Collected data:
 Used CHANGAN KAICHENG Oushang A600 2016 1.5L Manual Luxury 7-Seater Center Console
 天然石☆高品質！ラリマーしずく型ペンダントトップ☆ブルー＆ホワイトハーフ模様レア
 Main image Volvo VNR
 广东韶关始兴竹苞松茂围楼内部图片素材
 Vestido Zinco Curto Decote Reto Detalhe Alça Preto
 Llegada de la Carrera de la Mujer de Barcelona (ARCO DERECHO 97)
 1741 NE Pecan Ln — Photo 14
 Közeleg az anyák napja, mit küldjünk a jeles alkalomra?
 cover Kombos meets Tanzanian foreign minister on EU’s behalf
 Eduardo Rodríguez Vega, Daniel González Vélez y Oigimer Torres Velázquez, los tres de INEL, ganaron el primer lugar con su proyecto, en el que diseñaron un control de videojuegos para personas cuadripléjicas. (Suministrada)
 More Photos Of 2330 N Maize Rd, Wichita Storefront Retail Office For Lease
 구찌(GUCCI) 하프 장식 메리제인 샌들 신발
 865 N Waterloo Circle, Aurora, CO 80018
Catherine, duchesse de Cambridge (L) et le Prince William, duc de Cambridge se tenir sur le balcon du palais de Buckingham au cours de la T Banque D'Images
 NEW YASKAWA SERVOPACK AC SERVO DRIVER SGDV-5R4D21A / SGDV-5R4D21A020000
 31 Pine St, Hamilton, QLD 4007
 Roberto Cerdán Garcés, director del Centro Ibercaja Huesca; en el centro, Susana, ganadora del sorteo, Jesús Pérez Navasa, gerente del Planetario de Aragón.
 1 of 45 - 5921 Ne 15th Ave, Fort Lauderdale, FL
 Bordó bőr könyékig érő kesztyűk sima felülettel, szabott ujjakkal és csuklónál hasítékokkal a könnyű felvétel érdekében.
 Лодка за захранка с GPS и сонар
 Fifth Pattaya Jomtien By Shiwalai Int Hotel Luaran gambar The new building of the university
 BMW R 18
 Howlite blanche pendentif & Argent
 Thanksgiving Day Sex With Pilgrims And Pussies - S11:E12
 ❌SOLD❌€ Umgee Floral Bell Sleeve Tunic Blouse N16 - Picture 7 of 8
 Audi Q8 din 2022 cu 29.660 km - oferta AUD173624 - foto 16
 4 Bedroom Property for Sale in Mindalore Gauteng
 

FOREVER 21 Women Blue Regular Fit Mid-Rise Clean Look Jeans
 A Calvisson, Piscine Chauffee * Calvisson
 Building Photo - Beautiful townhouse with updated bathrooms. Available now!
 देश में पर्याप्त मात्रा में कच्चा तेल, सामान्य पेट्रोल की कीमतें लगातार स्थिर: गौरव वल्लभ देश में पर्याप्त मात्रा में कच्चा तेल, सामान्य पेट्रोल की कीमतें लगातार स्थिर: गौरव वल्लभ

BRIEF: Write out the data again in full. Match it exactly.

TASK SOLUTION:
 Used CHANGAN KAICHENG Oushang A600 2016 1.5L Manual Luxury 7-Seater Center Console
 天然石☆高品質！ラリマーしずく型ペンダントトップ☆ブルー＆ホワイトハーフ模様レア
 Main image Volvo VNR
 广东韶关始兴竹苞松茂围楼内部图片素材
 Vestido Zinco Curto Decote Reto Detalhe Alça Preto
 Llegada de la Carrera de la Mujer de Barcelona (ARCO DERECHO 97)
 1741 NE Pecan Ln — Photo 14
 Közeleg az anyák napja, mit küldjünk a jeles alkalomra?
 cover Kombos meets Tanzanian foreign minister on EU’s behalf
 Eduardo Rodríguez Vega, Daniel González Vélez y Oigimer Torres Velázquez, los tres de INEL, ganaron el primer lugar con su proyecto, en el que diseñaron un control de videojuegos para personas cuadripléjicas. (Suministrada)
 More Photos Of 2330 N Maize Rd, Wichita Storefront Retail Office For Lease
 구찌(GUCCI) 하프 장식 메리제인 샌들 신발
 865 N Waterloo Circle, Aurora, CO 80018
Catherine, duchesse de Cambridge (L) et le Prince William, duc de Cambridge se tenir sur le balcon du palais de Buckingham au cours de la T Banque D'Images
 NEW YASKAWA SERVOPACK AC SERVO DRIVER SGDV-5R4D21A / SGDV-5R4D21A020000
 31 Pine St, Hamilton, QLD 4007
 Roberto Cerdán Garcés, director del Centro Ibercaja Huesca; en el centro, Susana, ganadora del sorteo, Jesús Pérez Navasa, gerente del Planetario de Aragón.
 1 of 45 - 5921 Ne 15th Ave, Fort Lauderdale, FL
 Bordó bőr könyékig érő kesztyűk sima felülettel, szabott ujjakkal és csuklónál hasítékokkal a könnyű felvétel érdekében.
 Лодка за захранка с GPS и сонар
 Fifth Pattaya Jomtien By Shiwalai Int Hotel Luaran gambar The new building of the university
 BMW R 18
 Howlite blanche pendentif & Argent
 Thanksgiving Day Sex With Pilgrims And Pussies - S11:E12
 ❌SOLD❌€ Umgee Floral Bell Sleeve Tunic Blouse N16 - Picture 7 of 8
 Audi Q8 din 2022 cu 29.660 km - oferta AUD173624 - foto 16
 4 Bedroom Property for Sale in Mindalore Gauteng
 

FOREVER 21 Women Blue Regular Fit Mid-Rise Clean Look Jeans
 A Calvisson, Piscine Chauffee * Calvisson
 Building Photo - Beautiful townhouse with updated bathrooms. Available now!
 देश में पर्याप्त मात्रा में कच्चा तेल, सामान्य पेट्रोल की कीमतें लगातार स्थिर: गौरव वल्लभ देश में पर्याप्त मात्रा में कच्चा तेल, सामान्य पेट्रोल की कीमतें लगातार स्थिर: गौरव वल्लभ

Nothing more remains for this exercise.